Viktor Orban seldom rages at Russia and from the start of the war, Orban made it sure not to disappoint the Kremlin with any of his decisions. Hungary has been since considered an anomaly within the EU for its lenience towards Moscow. But the current protest from Budapest added a different fervour that forced a powerful European commission to go back on its proposed sanctions.
Patriarch Kirill is the leader of the Moscow-based church that asserts exclusive canonical jurisdiction over all Eastern Orthodox Christians that live in the erstwhile republics of the Soviet Union. The Russian Orthodox Church (ROC), also known as the Moscow Patriarchate, is the largest of more than a dozen autocephalous (self-governing) Eastern Orthodox Christian churches, with an estimated 100 million members.
Since 2009, being the head of the Roman Orthodox Church, Patriarch Kirill has been voicing his support for the Russian invasion of Ukraine. Moreover, he has busied himself with religious undertones to put his support behind Putin’s stratagem to invade Ukraine.
In a sermon delivered in early May, Kirill stated that “Russia has never attacked anyone” and that “we don’t want to go to war”. “It is amazing that a great and mighty country has never attacked anyone — it has only defended its borders,” he added.
Patriarch Kirill’s support for the war in Ukraine has also caused a rift with the Vatican. The Russian Orthodox Church on May 4, had admonished Pope Francis after he warned Kirill not to become Putin’s “altar boy”.
Hungary has always espoused a Russian side of diplomacy but the question in point is why does the prime minister of a Catholic state put a fierce protest in support of the Russian Orthodox Church?
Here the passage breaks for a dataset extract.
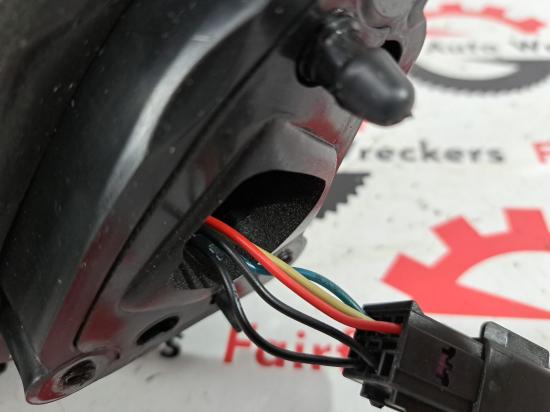 holden Cruze 2014 RIGHT DOOR MIRROR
You see, the present camaraderie between Hungary and Russia has historical roots. A not much-discussed fact is how Russia worked on a plan to establish an autocephalous Hungarian Orthodox Church after the Second World War. According to Russian archival sources, the Ministry of Education and Religious Denominations in Budapest supported the spread of Moscow’s jurisdiction over the territory of Hungary. A concordat between the Russian patriarchate and the Hungarian state was required to secure this deed. The plan included the prospect of granting autocephaly to the Hungarian Orthodox Church in the distant future.
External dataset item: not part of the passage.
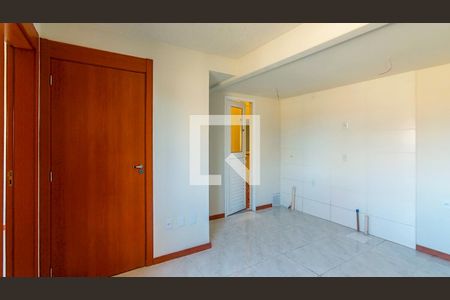Sala  de apartamento à venda com 1 quarto, 40m² em Cavalhada, Porto Alegre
At the same time, the Ecumenical Patriarchate opposed the plan for the establishment of a Hungarian Orthodox Church. Soon with many such instances of resistance, the construction of a Hungarian Orthodox Church was put on hold. Because it would alienate the Serbian and Romanian churches and drive them closer to the Patriarchate of Constantinople at a time when the Kremlin was planning to convene an ecumenical council in Moscow in the autumn of 1947, the Soviet state leadership did not offer its approval.
However, given the current global context, the Kremlin may be able to benefit from its revival. On the one hand, since the Ecumenical Patriarchate recognised Ukrainian autocephaly, the Moscow church leadership has been seeking vengeance in various parts of the world. In this light, the establishment of an autocephalous Orthodox Church in the countries of Medieval Panonia would alter the Orthodox world’s balance.
As a result, a combination of religious and geopolitical considerations has pushed Hungary to Russia’s side.